## Problem to work on:
Without the pictures, retype exactly the lines from the top of the entries below through the line that contains "SP - imagem".

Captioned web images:
______

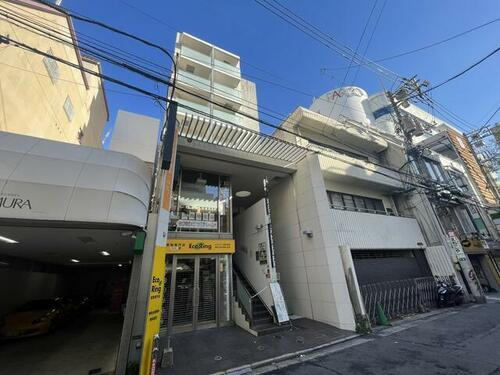 広島県広島市中区本通 8階建 築19年11ヶ月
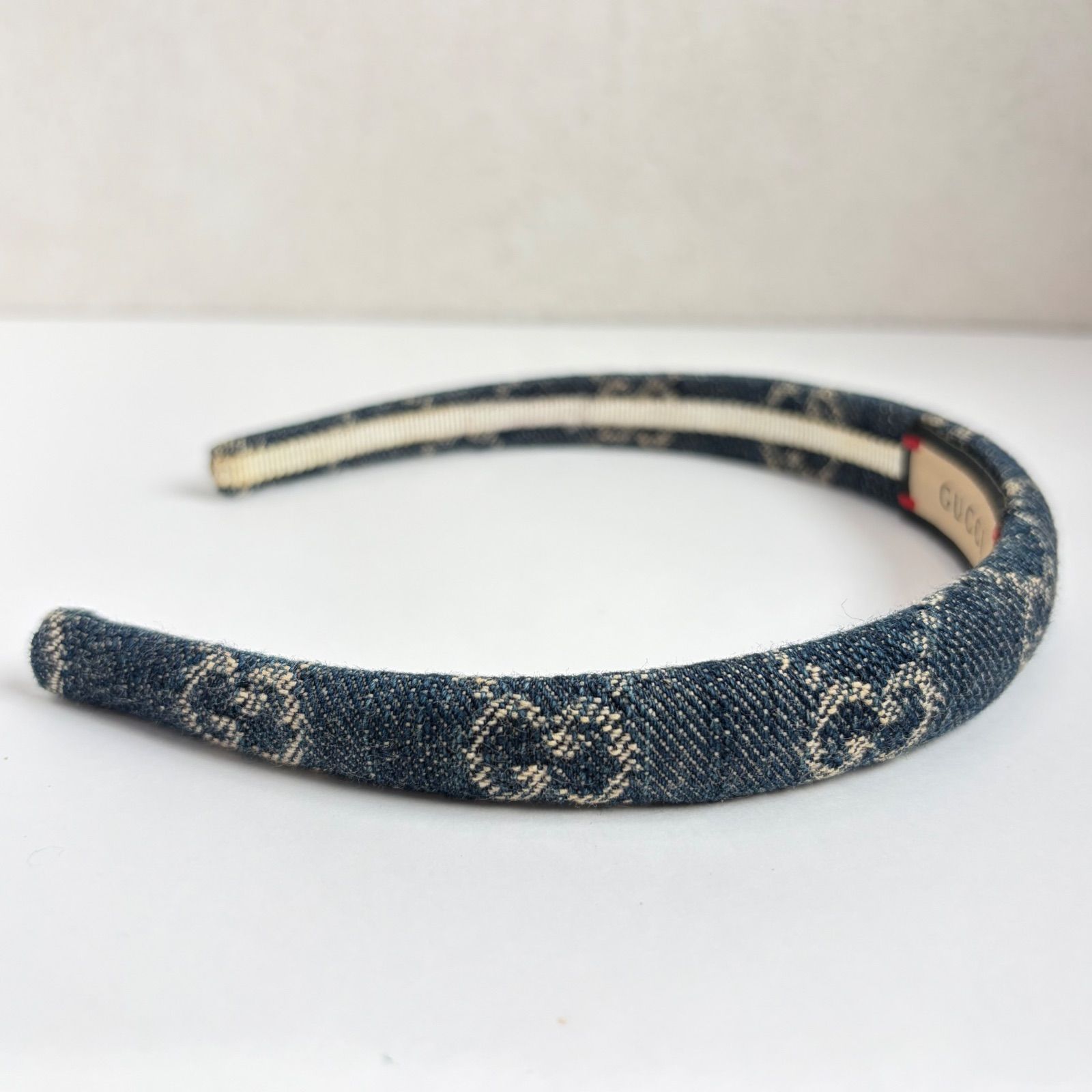 GUCCI グッチ カチューシャ ヘアバンド ヘアアクセサリー GGロゴ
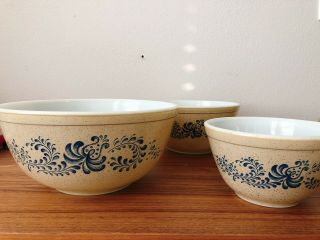 Set Of 3 Vintage Pyrex Homestead Tan Blue Mixing Bowls 401 402 403 2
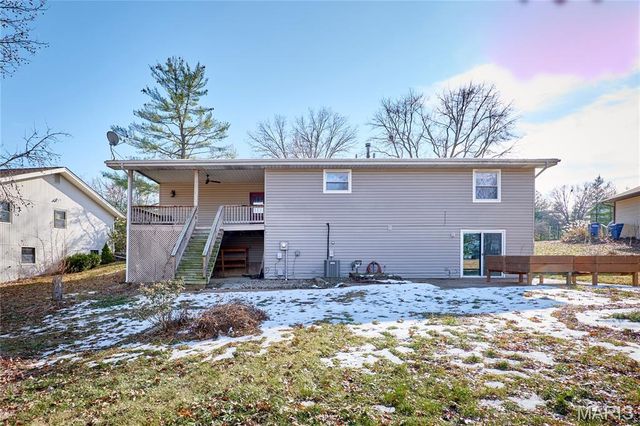 48 Picardy Drive, Lake St Louis, MO 63367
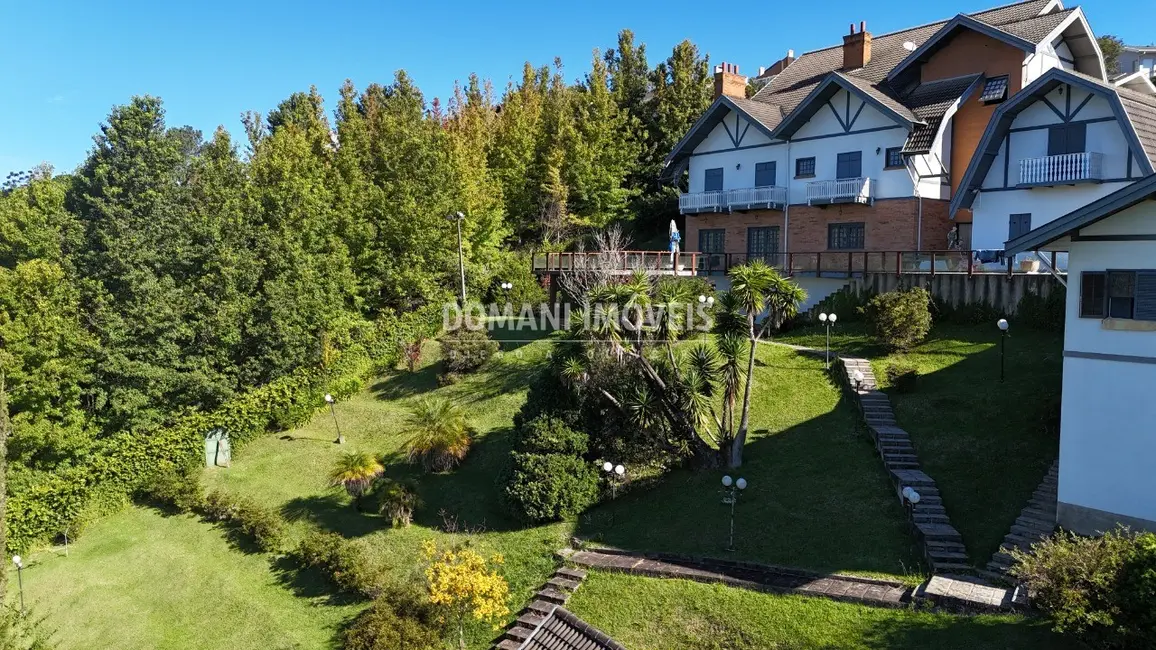 Casa com 7 quartos à venda, 734m2 em Campos Do Jordao - SP - imagem 3 Foto 3 de Casa com 7 quartos à venda, 734m2 em Campos Do Jordao - SP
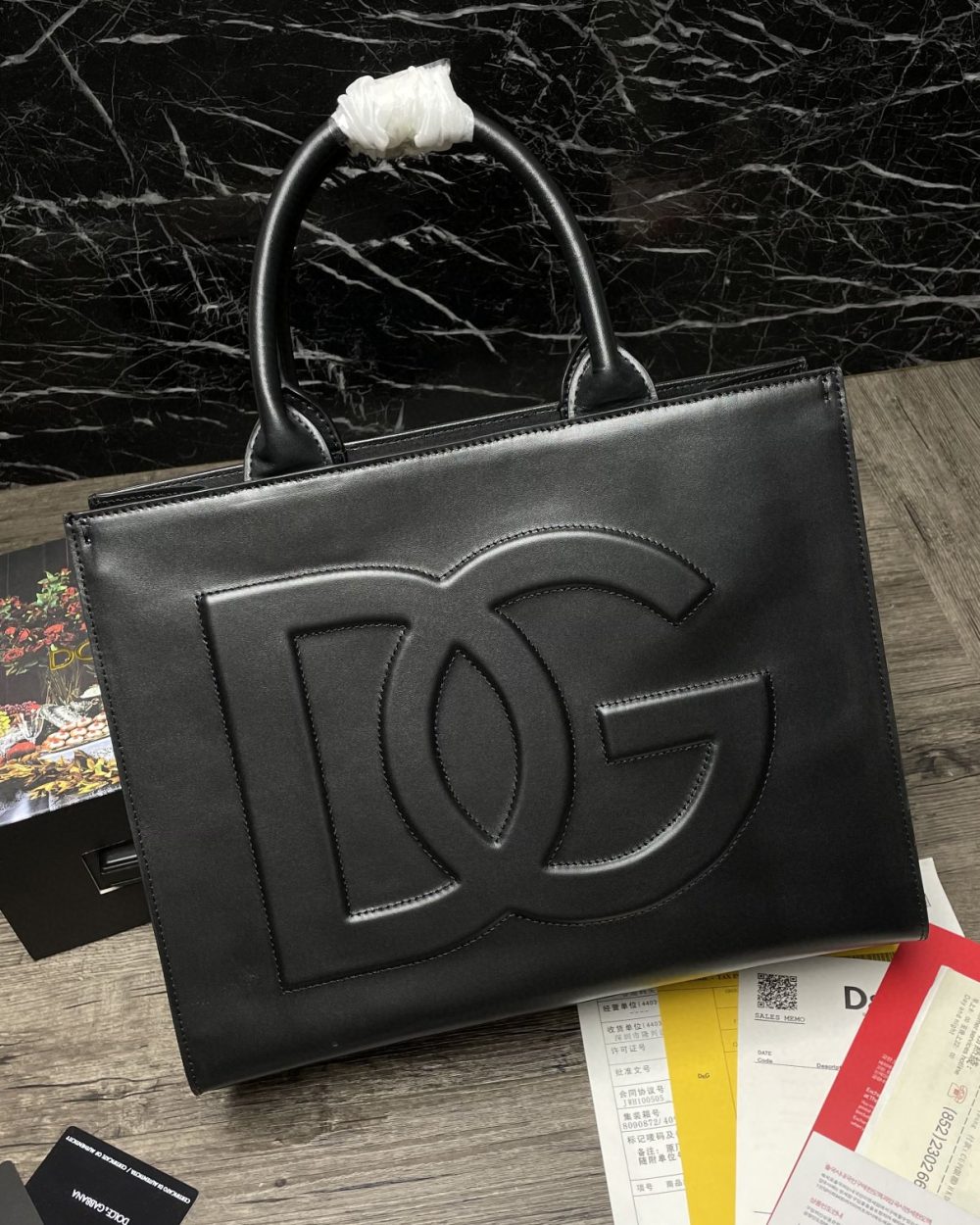 Dolce & Gabbana Small DG Daily Shopper Black For Women 14.6in/37cm DG BB7023AQ26980999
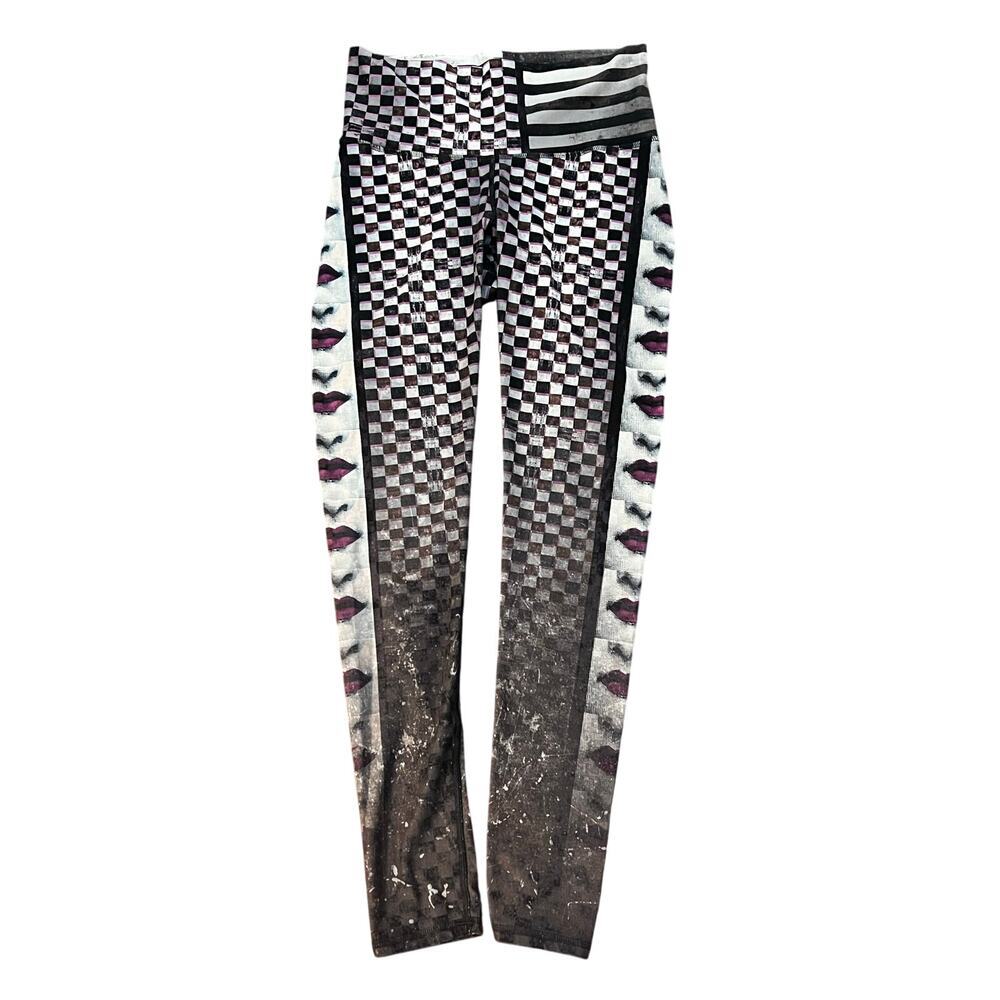 Niyama Sol Lip Service barefoot leggings size Large no longer in print yoga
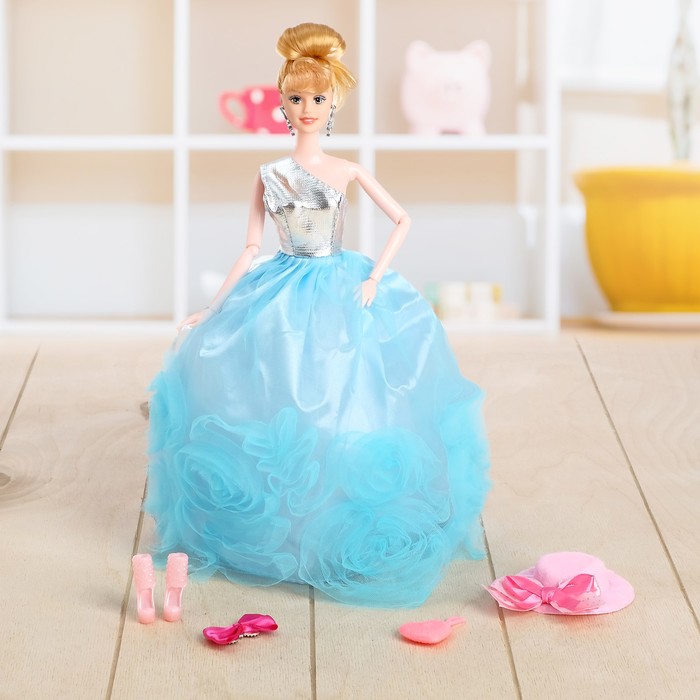 Кукла модель шарнирная "Адель" в платье с аксессуарами, МИКС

______

## Task solution:
 広島県広島市中区本通 8階建 築19年11ヶ月
 GUCCI グッチ カチューシャ ヘアバンド ヘアアクセサリー GGロゴ
 Set Of 3 Vintage Pyrex Homestead Tan Blue Mixing Bowls 401 402 403 2
 48 Picardy Drive, Lake St Louis, MO 63367
 Casa com 7 quartos à venda, 734m2 em Campos Do Jordao - SP - imagem 3 Foto 3 de Casa com 7 quartos à venda, 734m2 em Campos Do Jordao - SP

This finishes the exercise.